Podía acompañar aquel ritual con una cerveza, un cigarrillo o simplemente con nada, lo importante era disfrutar la música sin prisa. Porque sí, escuchar un vinilo implica paciencia, desconectarse del mundo y sus distractores. Me atrevo a decir que ese es un acto de rebeldía poderoso en una época donde se nos obliga a andar a mil por hora, atrapados en una rapidez insulsa que desprecia detenerse en los detalles y reduce la música a un producto desechable. Es, como anoté en Facebook, detenerse en cada instrumento, en lo que dicen las letras de las canciones más allá de lo obvio, en los instrumentos y su ejecución, en la artesanía de la producción, en los silencios y lo reveladores que son. Es detenerse en la música. Ni qué decir de comprar vinilos: es salir a la ciudad, caminarla, sentirla, padecerla, vivirla, meterse a sus lugares ocultos hasta encontrar un disco que alguien escuchó en su habitación, en una noche de lluvia o en una tarde de sol, cuando tenía todas las preguntas y ninguna respuesta, y la música no era más que su compañía. Sí, ese disco que ya nadie más volvió a escuchar, ahora lo escuchará uno con todas las preguntas y ninguna pregunta, pero con la certeza de que la vida girará a 33, 45 o 78 revoluciones por minuto.

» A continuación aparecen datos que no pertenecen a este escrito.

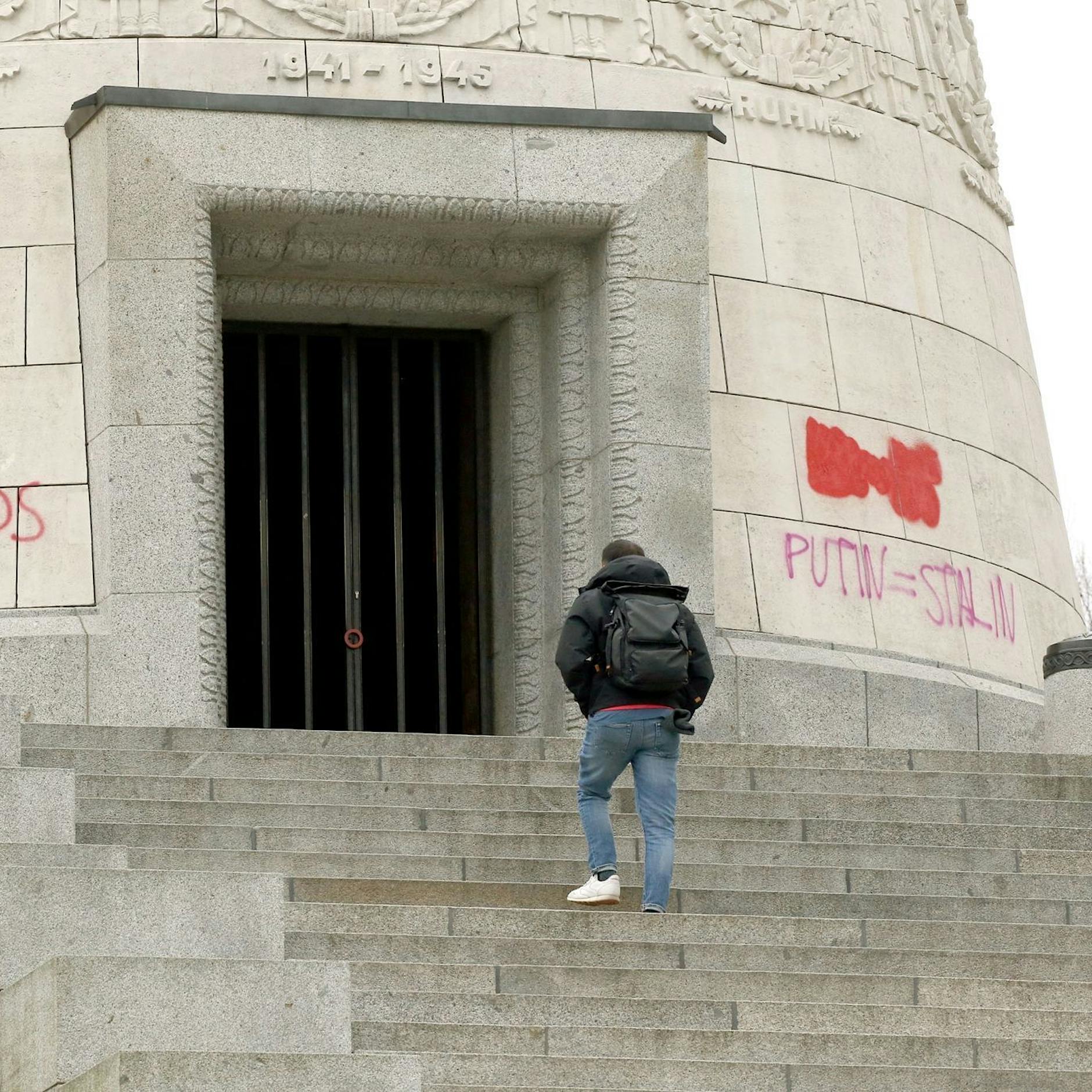 Mit Rechtschreibfehler: Farbanschlag auf Sowjetisches Ehrenmal in Treptow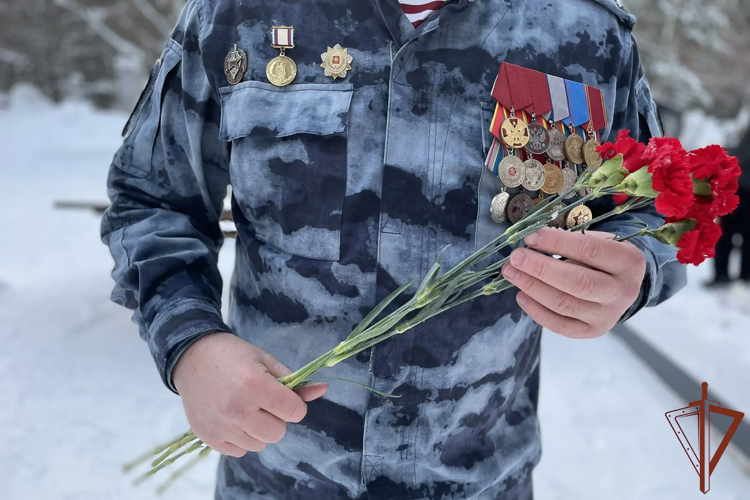 Росгвардейцы на Урале почтили память коллег, погибших при исполнении служебного долга на Северном Кавказе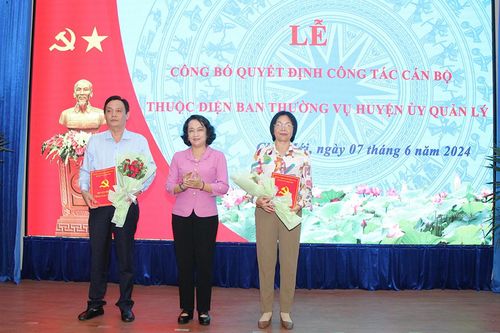 Huyện ủy Chợ Mới trao quyết định điều động, bổ nhiệm 2 cán bộ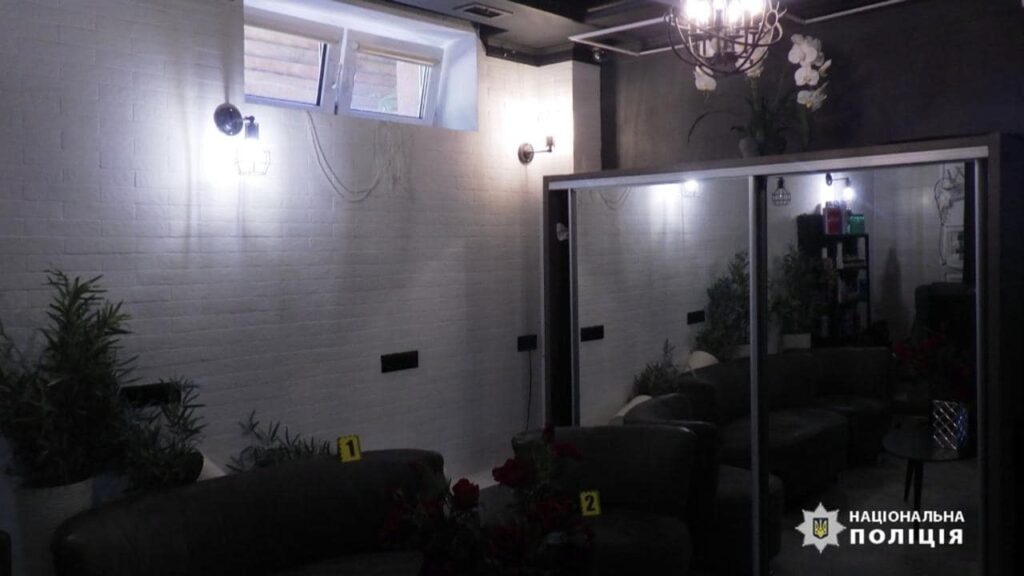 Крадіжки з салону краси та квартири: франківські поліцейські розшукали та затримали злодіїв. ФОТО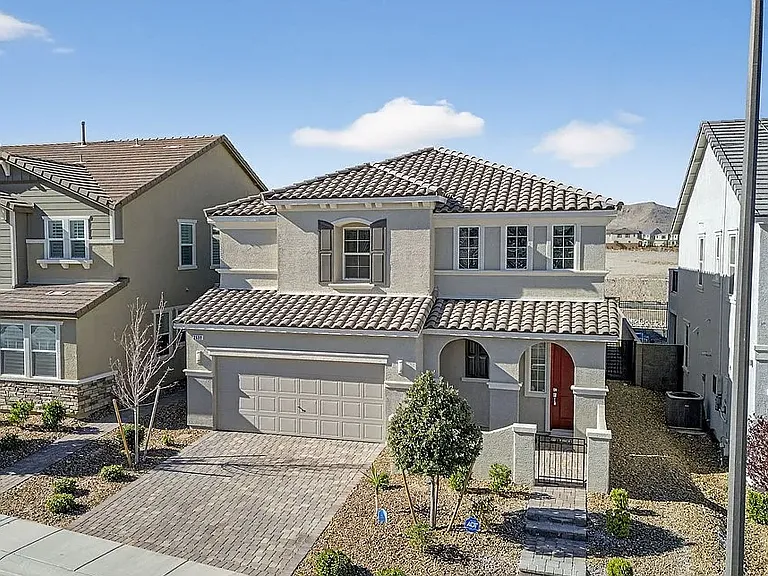 2599 Tolmezzo St — Photo 3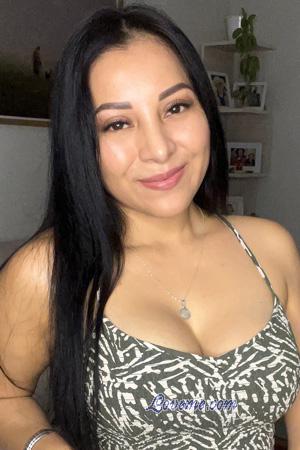228578 - Jackeline Leeftijd: 33 - Peru
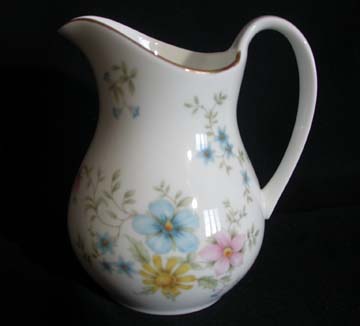 Royal Doulton Elegy H5044 Creamer - Large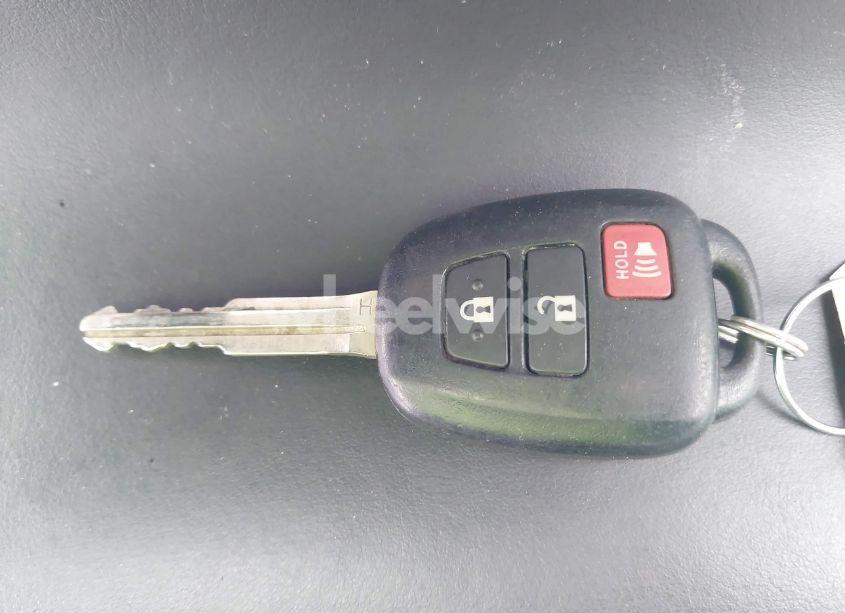 Photo 11 of 2018 Toyota Rav4 XLE (VIN 2T3RFREV5JW704884)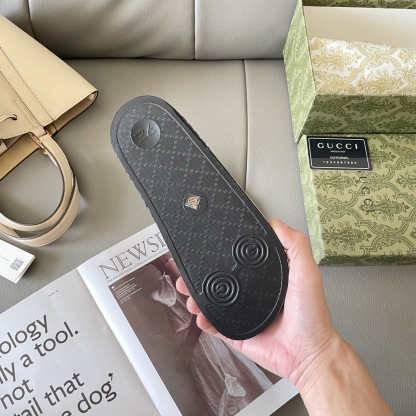 G style Couples slippers, beach slippers, flat slippers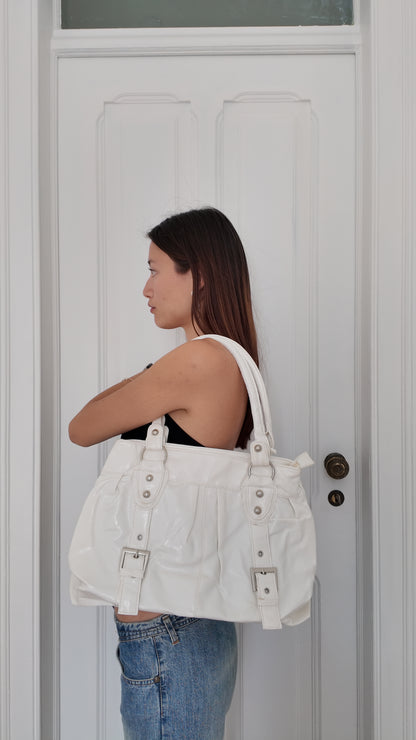 Beautiful white medium medium bag deadstock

A unos pocos meses de haberme convertido en un coleccionista más, puedo decir que fue una buena decisión, aunque todavía escucho música en YouTube y Spotify. De hecho, las sendas y bizantinas discusiones de que el vinilo es superior frente a los demás formatos me tienen sin cuidado y solo me limito a disfrutarlo con la misma fascinación como cuando en mi casa, siendo un niño, mis papás ponían a girar su tornamesa a ritmo de salsa y vallenato. Todavía no tengo todos los vinilos del mundo y mi colección se ha ido construyendo de a pocos, pero cada domingo por la noche o cada que termino mis labores, me desconecto de todo, saco mis discos y uno tras otro los escucho mientras el scratch retumba en mis oídos como las olas del mar. Entonces, recuerdo este fragmento de La nostalgia del melómano, esa bella novela de Juan Carlos Garay que bien le hace honor a todos los melómanos del mundo que se resisten a guardar sus joyas de acetato y que dice así: 

        - A mí me encanta el ruido de la aguja de diamante cuando toca el acetato de vinilo, ese pop, ese scratch, ese hiss que llena la sala unos segundos antes de que empiece la música, ese borboteo suave que alcanza a oírse al tiempo con los primeros compases, ese tono natural, ese sonido imperfecto pero sin artificios, esa música que hace roce con el vinilo.